Backyard fire pits are more popular than ever in recent years.  Fire pits come in all shapes and sizes – popular styles include fire bowls, square, rectangle, or round.  To decide on shape and size consider where the fire pit will be placed and how much space you have around it. Also factor in how it will complement the seating around it.

They can be made from a variety of materials including stone, brick, concrete, copper, steel, or metal as long as the interior has heat-resistant material.  Fire pits can be portable or built-in permanent structures depending on what makes the most sense in your space.

Another key decision is whether to use a natural gas-powered pit or a wood-burning pit? Each has its pros and cons, but one is probably a better fit for your home and lifestyle.

Gas vs Wood Fire Pits: Pros & Cons

Gas Firepits

Cost: $1,000 to $4,000


  • Clean-burning gas
  • Easy to light
  • Less cleanup
  • Continuous running
  • Reduced fire hazards


  • Costs more
  • Gas lines can be a hazard
  • Fuel tanks need storage
  • Fuel tanks can be dangerous
  • Longer installation
  • More expensive installation

Wood Burning Firepits

Cost: $50 to $1,500


  • Less expensive
  • Easier to install
  • Romantic experience
  • Provides more heat


  • Produces soot and smoke
  • Fire-starting is more involved
  • Requires wood storage
  • More difficult to light
  • More cleaning
  • Can be a fire hazard or subject to fire bans

Access to Gas or Wood

For a gas fire pit, the biggest factor is whether you have natural gas hookups, or if natural gas is available in your area to make a gas fire pit feasible.  If not, propane would still be an option, but some people will shy away from it for various reasons.

If natural gas is available in your location, but you don’t have hookups, you’ll need to contact your local utilities to have a line installed. There may be a fee for the installation, and the line will cost between $12 and $25 per foot. Some utility companies will give you a nice discount if you agree to subscribe to their service for a given amount of time.

Alternatively, you can power your gas-lit fire pit with propane. This requires you to replace the propane tank periodically. You will also need to take the time to learn to use it safely, but it’s easy to do. Aside from that consideration, propane is efficient, clean-burning, and affordable to use, just like natural gas.

For wood, consider the access to get firewood in your area or whether you can have it delivered. You’ll also need to consider wood storage at your home and keeping wood dry through rain or snow seasons. Before installing or buying a fire pit, check with your local fire department on any ordinances about having fires at your home.

Wood Burning Fire Pits

The most wonderful thing about a wood-burning fire pit is that anyone can have one for next to no cost.
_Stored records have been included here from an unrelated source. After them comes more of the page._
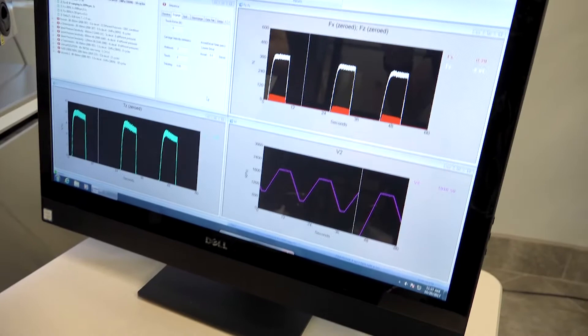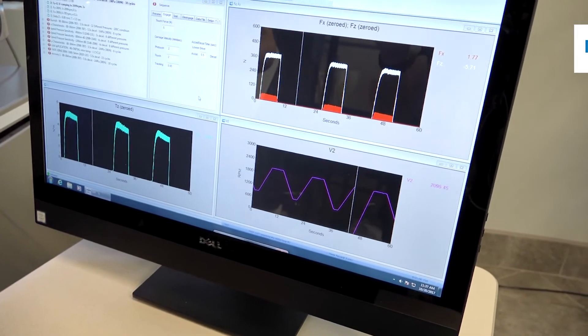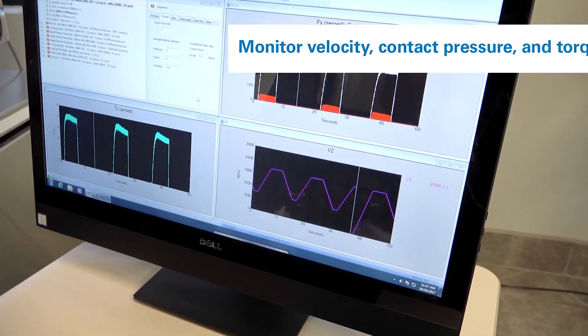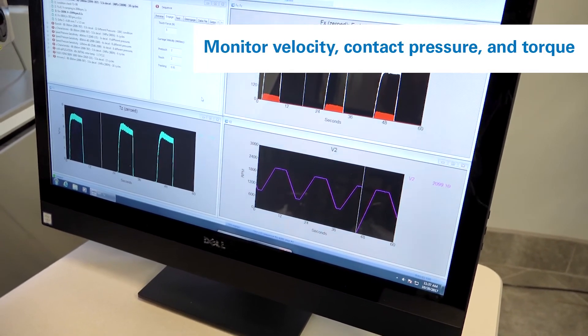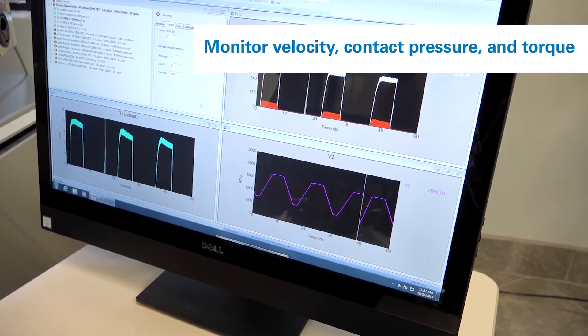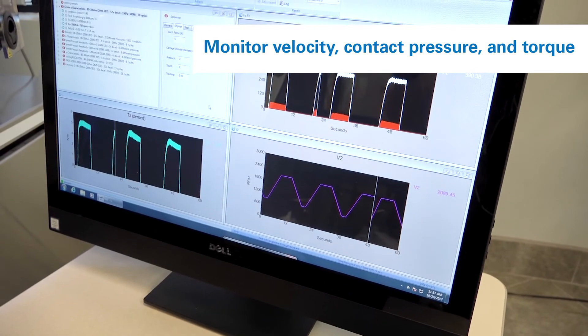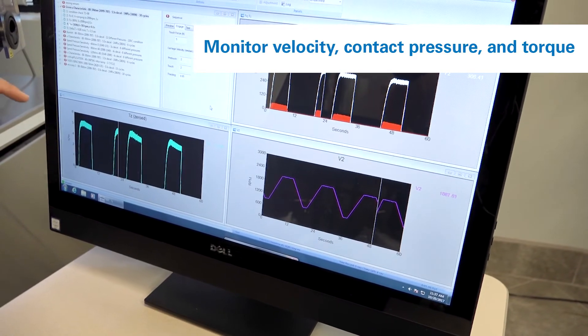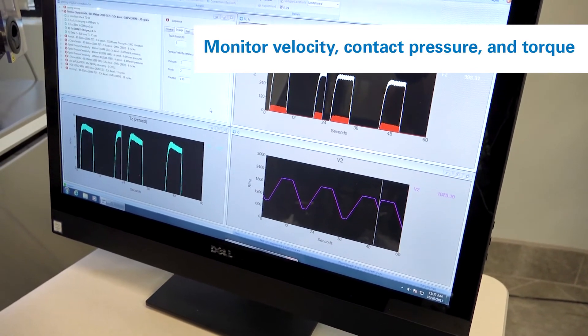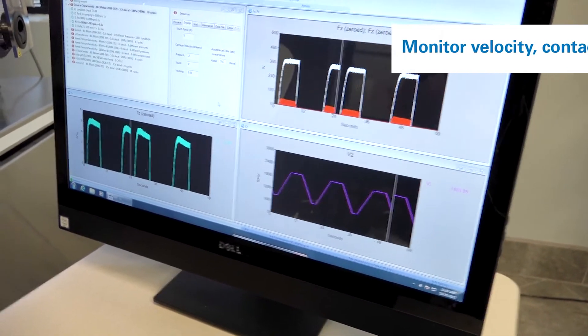While this happens, in the software we can monitor the velocity, the force that is applied, and importantly, the torque that is generated.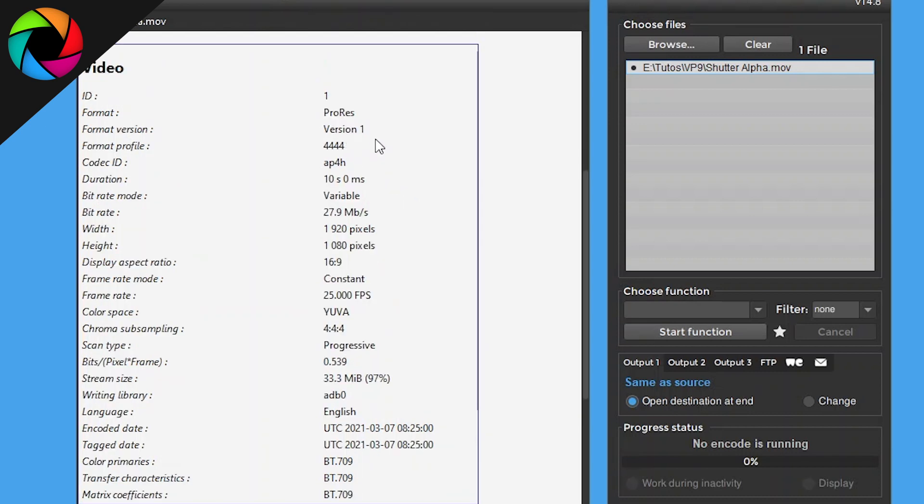There are many codecs but the most known codec are Apple ProRes and QuickTime Animation, which supports alpha channel.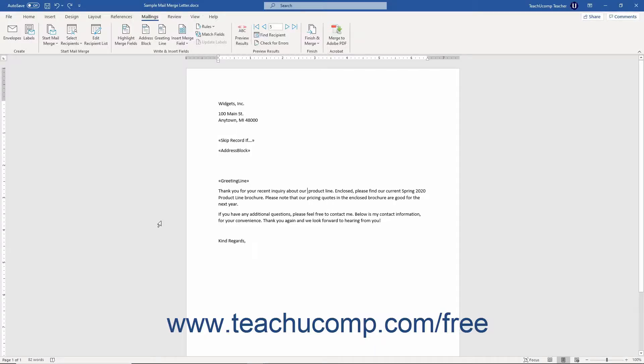When you apply mail merge rules to a document in Word, you are inserting mail merge fields. Normally you cannot see these fields, however to remove a mail merge rule in Word you must reveal and then delete its related mail merge field.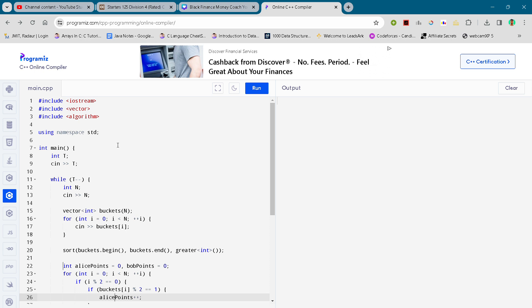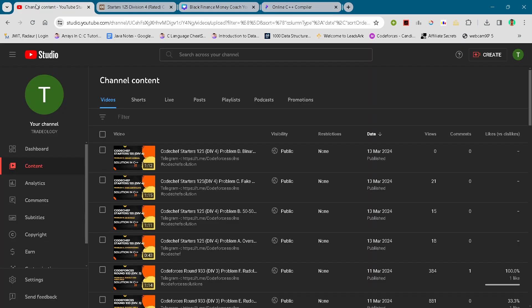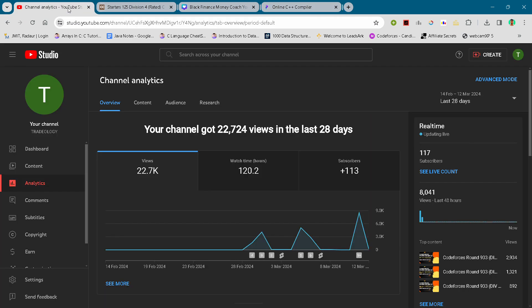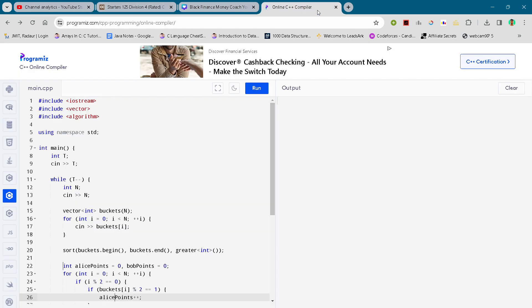Hey guys, I'm back with the solution E from Codeforces Round 925 Division 4. Before that, I want you to join my telegram channel. You'll find the link in the description, so yeah, do join that and please hit the subscribe button so that I can make more videos on this.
If the frills are not important to you, you can simply dig a hole, line it with heavy stones, and build a campfire in it. If you want to get started right away and you’re a handy type, you can make your own fire pit.

However, for a bit more of an investment, you can have a portable or permanent fire pit that will last for years, and provide many hours of enjoyment.

A good, old-fashioned wood-burning firepit will deliver the wonderful sounds, smells, and flickering firelight that everyone naturally loves.  Another advantage of wood-burning fire pits is that wood burns hotter so it provides more heat.  If you have cold evenings and staying warm is a factor to enjoying the outdoors, that might be a consideration.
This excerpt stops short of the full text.